Pour revenir à ta question, à l’étonnement que des gens de ma génération puissent être à l’unisson de leurs enfants ou de leurs petits-enfants, ça rejoint peut-être la première question, c’est-à-dire que les gens de ma génération dont tu parles, sont des gens à principes et quand on a des principes, on peut se tromper, on peut hésiter, mais on des guides, on a la boussole et nos principes étaient de toute façon des principes de refus de l’autorité absolue, arbitraire. Et sur ce point au moins, la révolution a rejoint Perspectives : sur le fait que nous ne voulions pas admettre que le Père de la Nation nous dicte ce qu’il fallait, ce qui était bien pour notre bien, nous rejoignons la révolution, nous rejoignons ces jeunes qui disent : “Dégage !” à qui veut leur donner des leçons. Pas de leçons, pas d’intimidation. Nous croyons – enfin, moi je le pense et je crois que mes camarades le pensent aussi – que notre rôle est plus qu’un rôle de direction politique que nous sommes obligés de jouer plus ou moins dans certaines limites, que c’est beaucoup plus que ça, un rôle de transmission, un rôle de passeurs. Nous sommes des passeurs.
Nous avons une expérience, nous avons eu une activité, nous avons réfléchi, nous sommes venus après des générations de militants, dans un climat qui n’a rien à voir avec celui d’aujourd’hui, donc nous avons une responsabilité : c’est de dire aux gens, aux jeunes, voilà ce qui s’est passé, voilà comment c’était, voilà comment on est passés de la Tunisie des Ben Ghedahem****, c’est-à-dire des tribus qui se révoltaient contre le Bey, au colonialisme, au Protectorat, à la lutte contre le colonialisme, à la confiscation de cette lutte par un parti qui est devenu un parti unique et qui, à côté de réalisations très importantes qu’il a faites - parce qu’il en avait besoin pour construire sa propre domination -, a peu à peu tiré la Tunisie vers le néant, et vous les jeunes, qui avez refusé ce néant, vous êtes en réalité dans la pleine continuité de toutes luttes qui ont été menées contre toutes ces injustices que le peuple tunisien a subi, peut-être depuis Elyssa****, on n’en sait rien.

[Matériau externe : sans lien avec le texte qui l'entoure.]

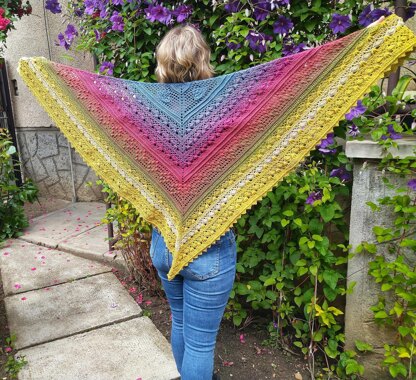 Erulissë Shawl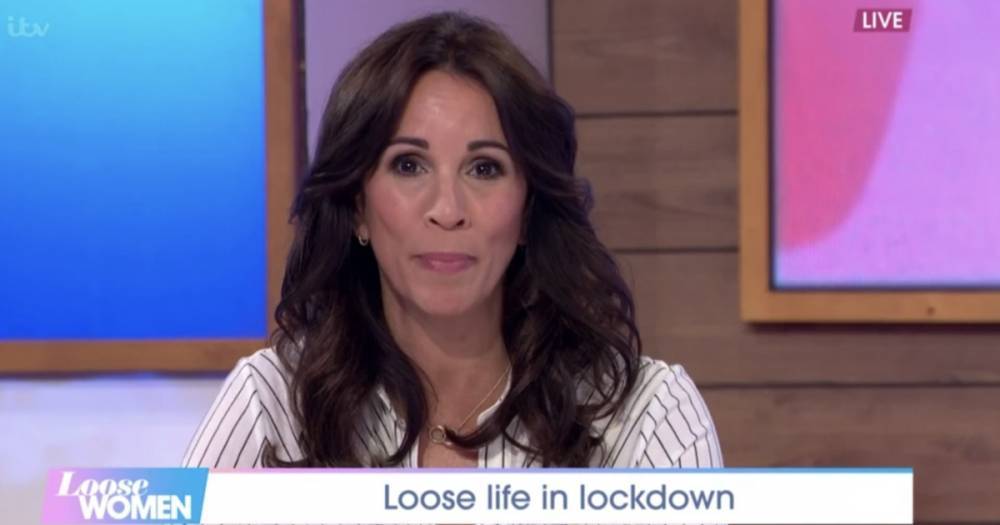Nadia Sawalha - Andrea Maclean - Coleen Nolan - Brenda Edwards - Andrea McLean reveals she had therapy after a secret breakdown last year: 'I was in a really dark place' - ok.co.uk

FG : Donc, si je comprends bien, on a un mouvement révolutionnaire dans lequel sont investies de grandes masses de jeunes, qui est polycentrique, créatif, simultané, qui fonctionne en réseau et à côté,   un pied dedans, un pied de hors, une espèce de conseil de sages qui éclaire ce mouvement, sans pouvoir, et sans même vouloir, le diriger. Ça, c’est des caractéristiques réellement postmodernes de la révolution. Comment est-ce que tout ça va pouvoir se traduire en termes d’institutionnalisation ? Est-ce que tu penses que la Tunisie va pouvoir créer l’équivalent pour cette région arabo-berbéro-méditerranéenne de ce que sont en train de faire les Boliviens ou les Equatoriens, avec leur État plurinational, avec leurs  Constitutions où ils intègrent des concepts indiens comme le “bien-vivre” ?
GN : La chance de la Tunisie, c’est d’avoir été un pays depuis très, très longtemps urbanisé. Nous sommes des citadins. Dans ce pays, être citadin, c’est d’abord accepter d’avoir des voisins, donc forcément trouver un terrain d’entente, un terrain de coexistence. Le citadin est un homme qui négocie, qui négocie son mode de vie, qui négocie ses relations et qui, par conséquent, est porté à plus de réflexion que celui qui n’est pas citadin et réagit par impulsions. Ça, c’est la première chance. La seconde chance, qui découle peut-être de la première, c’est que c’est un peuple cultivé, de très longue date -ce n’est pas d’aujourd’hui que ça date – et qui a tout naturellement produit des dirigeants qui ont été dans le sens du développement de la culture, ou du moins de l’éducation . Le résultat c’est que, tandis que, dans des conditions relativement semblables, les Algériens se précipitent avec des pierres et des cocktails Molotov contre des forces de sécurité infiniment supérieures et finissent par abandonner, les Tunisiens, pratiquement les mains vides, ont tenu, parce que, en plus de la révolte, il y avait la conscience du caractère inacceptable de la situation…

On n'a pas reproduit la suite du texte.